#### The task:
When you return the lines below, go from the first through the line with "Einfamilienhaus mit 180", keep them exact, and leave out every picture.

----

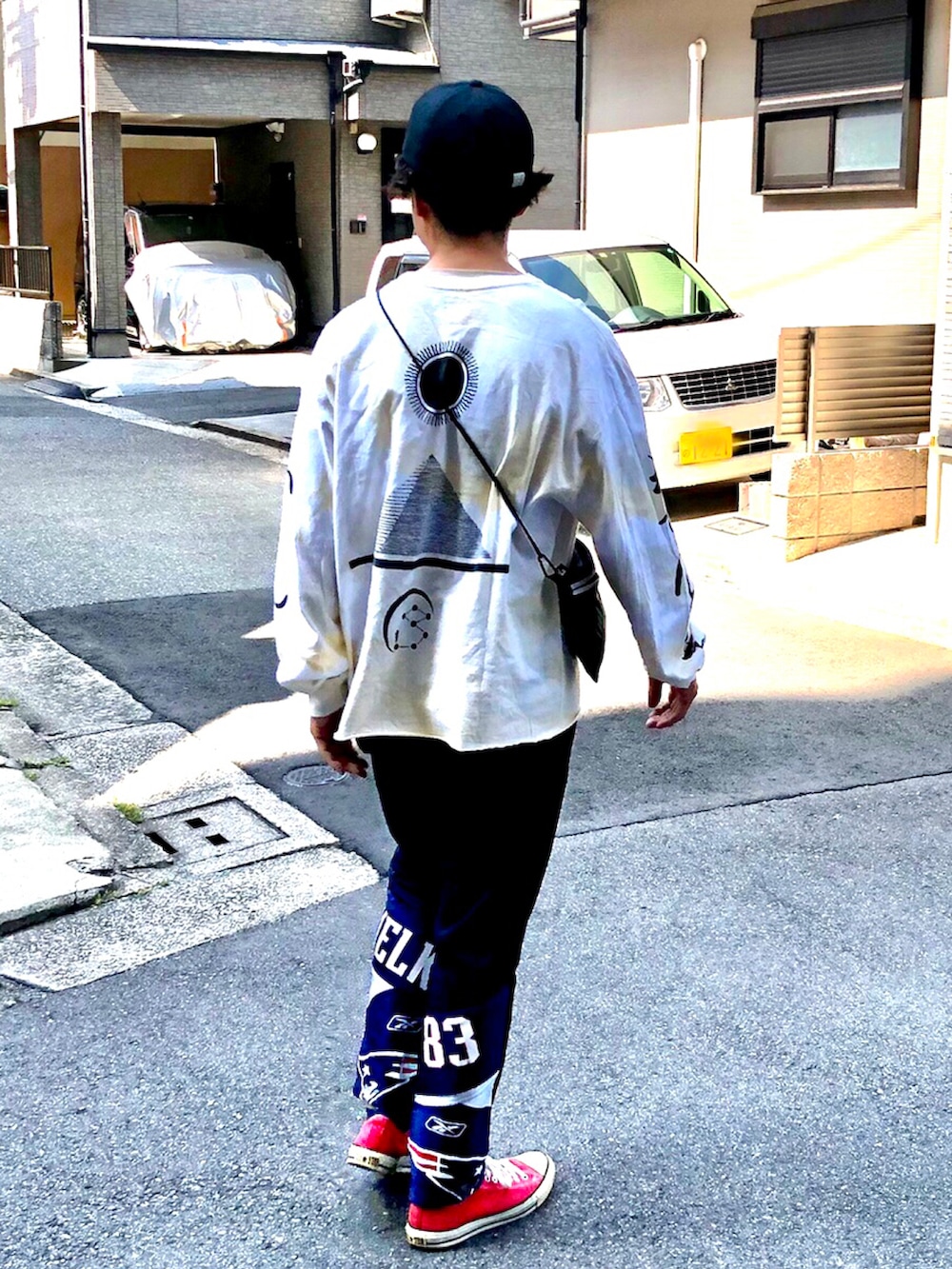 「ラフコーデ、スポーツミックス、トラックパンツ、春夏コーデ、初夏コーデ、ロゴT、ロンT、タイダイ柄、リメイク、運動会」｜「HURRAY HURRAYのアイテム（パンツ、ブルー系）」を使った、yosukeさん（メンズ・168cm）の春コーディネートの3枚目の写真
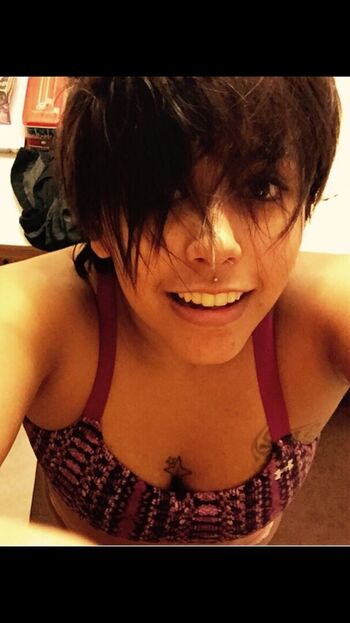 Show Your Girlfriend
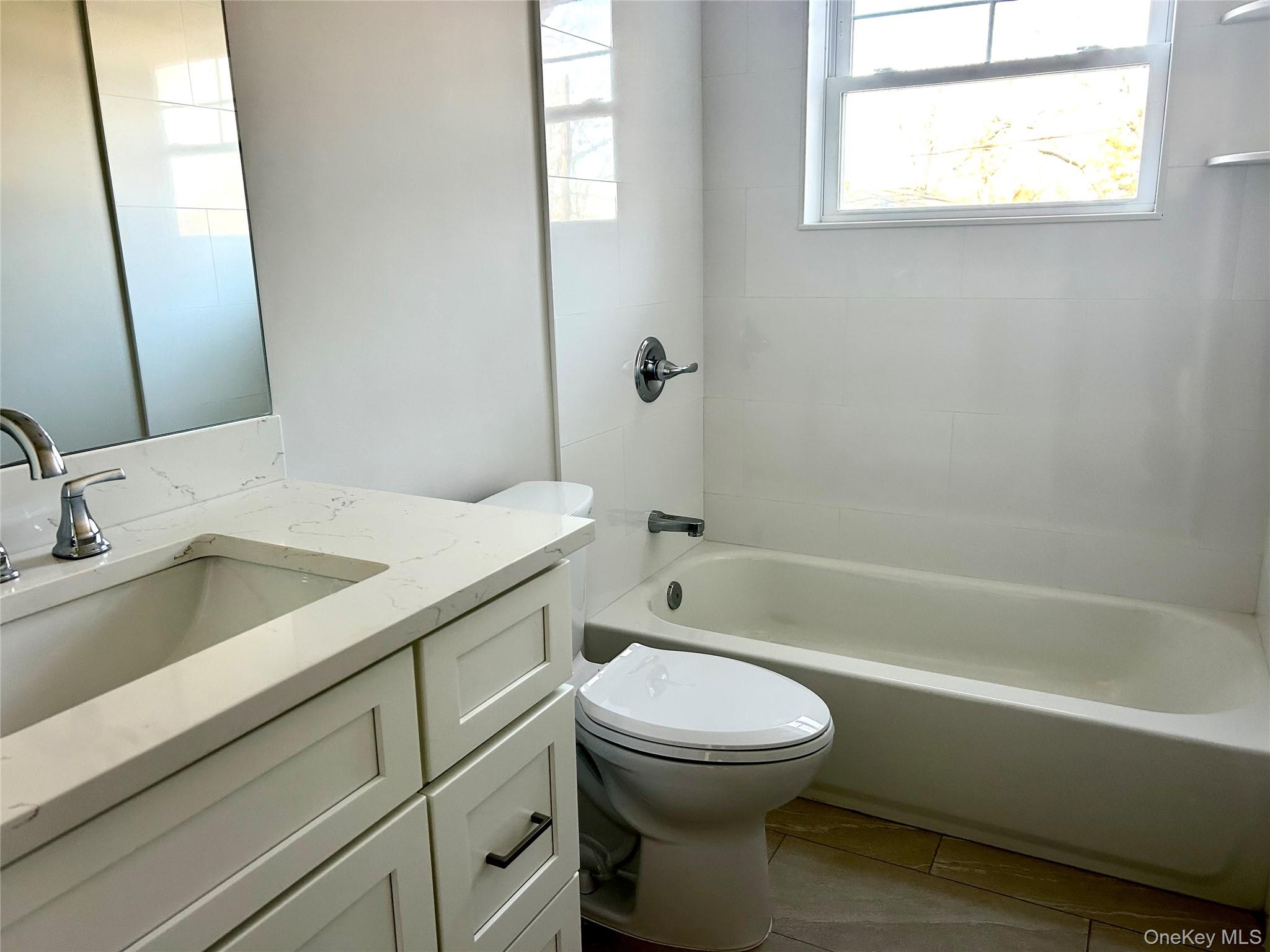 #8 photo, 20 10th Street, 롱 아일랜드 Ronkonkoma , NY 11779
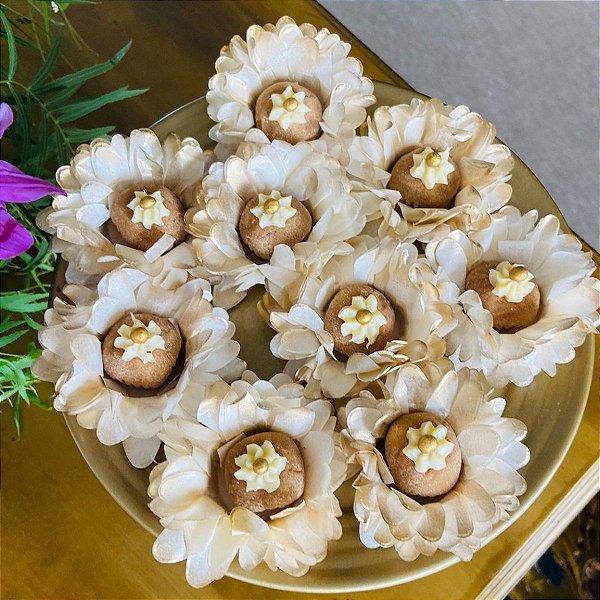 Frisadores e Moldes: Escolhendo o Equipamento Certo para Suas Forminhas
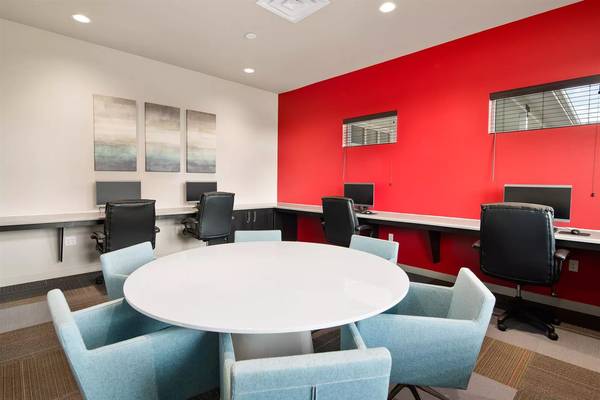 $1,703 / 1br - 714ft2 - Enjoy serenity and tranquility in our lovely garden-style 1 bd/1 ba (Auburn)63885004812163120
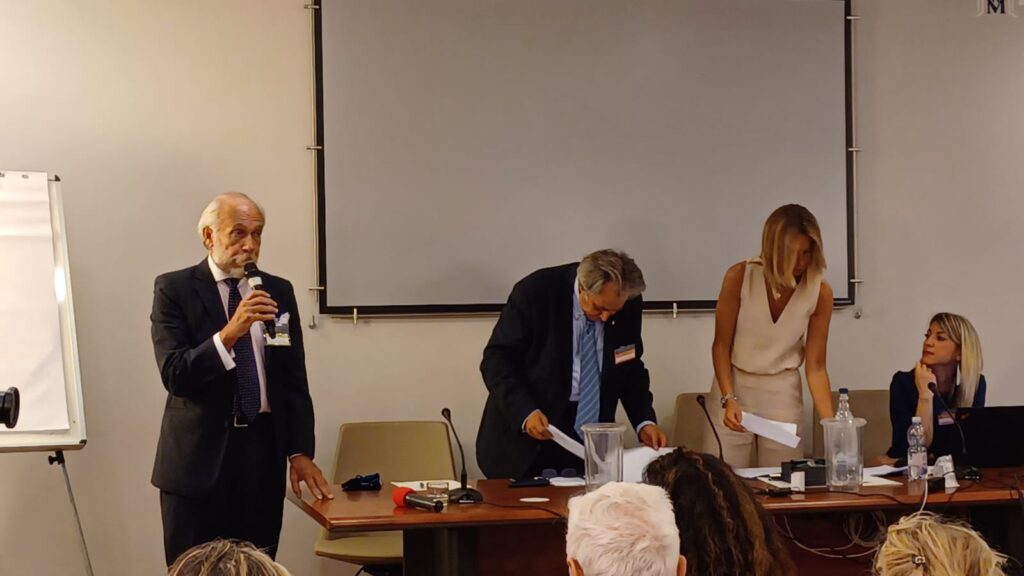 il dott. Andrea Stramezzi che presenta la prima ediziopne del premio Giuseppe De Donno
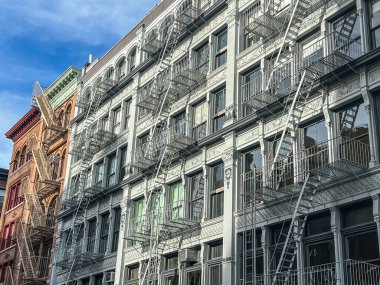 New York, Manhattan, Yukarı Doğu Yakası 'nda yangın merdivenli eski renkli binalar.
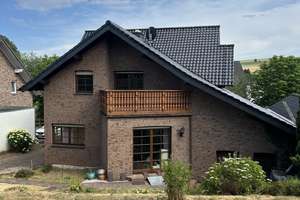 Einfamilienhaus mit 180 m² Wohnfläche in Heimbach – Die vollständige Adresse der Immobilie erhältst du vom Anbieter., 52396 Heimbach – Vorschaubild 2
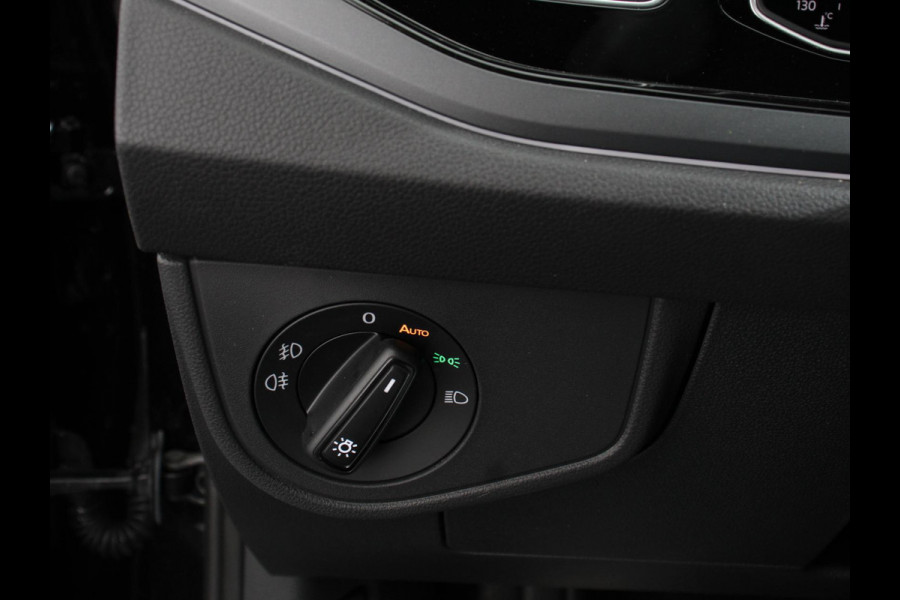 Volkswagen Polo 1.0 TSI R-Line Automaat Camera Digitale Cockpit Parkeer sensoren Adaptive Cruise control Climate Control Lichtmetalen velgen Stoelverwarming Navigatie Apple Carplay/Android Auto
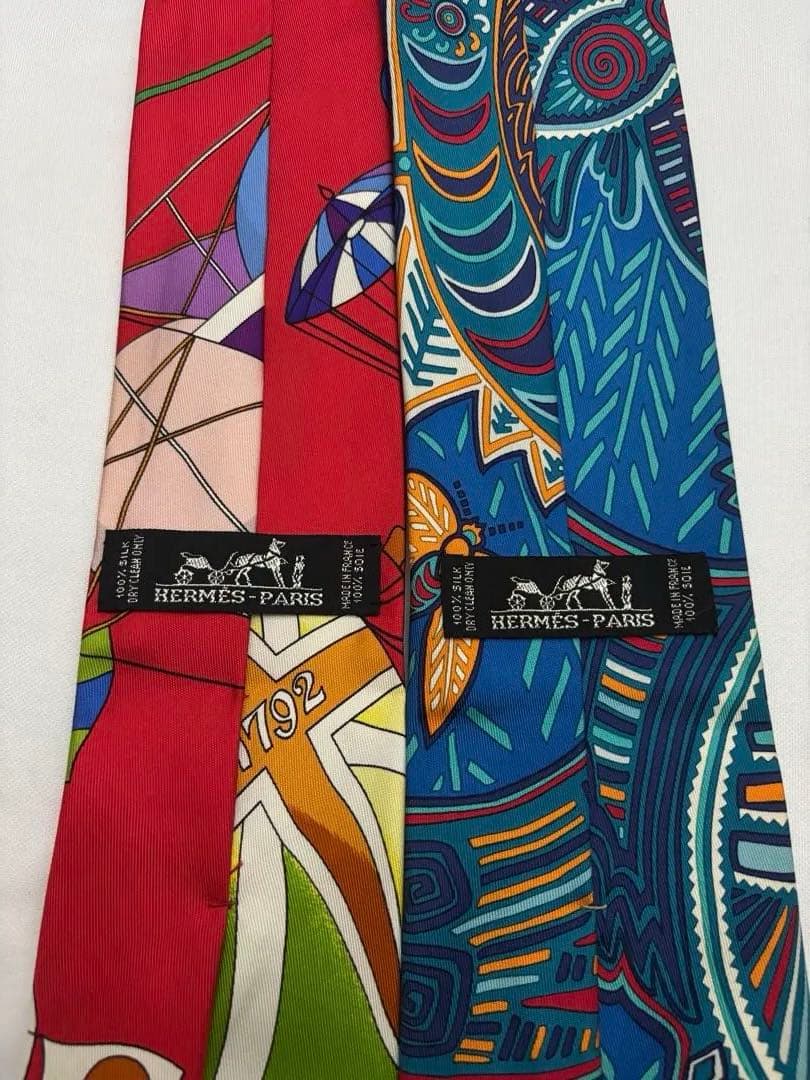 Hermes エルメス　アートデザイン ネクタイ 2本セット　カラフル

----

#### Response for this exercise:
 「ラフコーデ、スポーツミックス、トラックパンツ、春夏コーデ、初夏コーデ、ロゴT、ロンT、タイダイ柄、リメイク、運動会」｜「HURRAY HURRAYのアイテム（パンツ、ブルー系）」を使った、yosukeさん（メンズ・168cm）の春コーディネートの3枚目の写真
 Show Your Girlfriend
 #8 photo, 20 10th Street, 롱 아일랜드 Ronkonkoma , NY 11779
 Frisadores e Moldes: Escolhendo o Equipamento Certo para Suas Forminhas
 $1,703 / 1br - 714ft2 - Enjoy serenity and tranquility in our lovely garden-style 1 bd/1 ba (Auburn)63885004812163120
 il dott. Andrea Stramezzi che presenta la prima ediziopne del premio Giuseppe De Donno
 New York, Manhattan, Yukarı Doğu Yakası 'nda yangın merdivenli eski renkli binalar.
 Einfamilienhaus mit 180 m² Wohnfläche in Heimbach – Die vollständige Adresse der Immobilie erhältst du vom Anbieter., 52396 Heimbach – Vorschaubild 2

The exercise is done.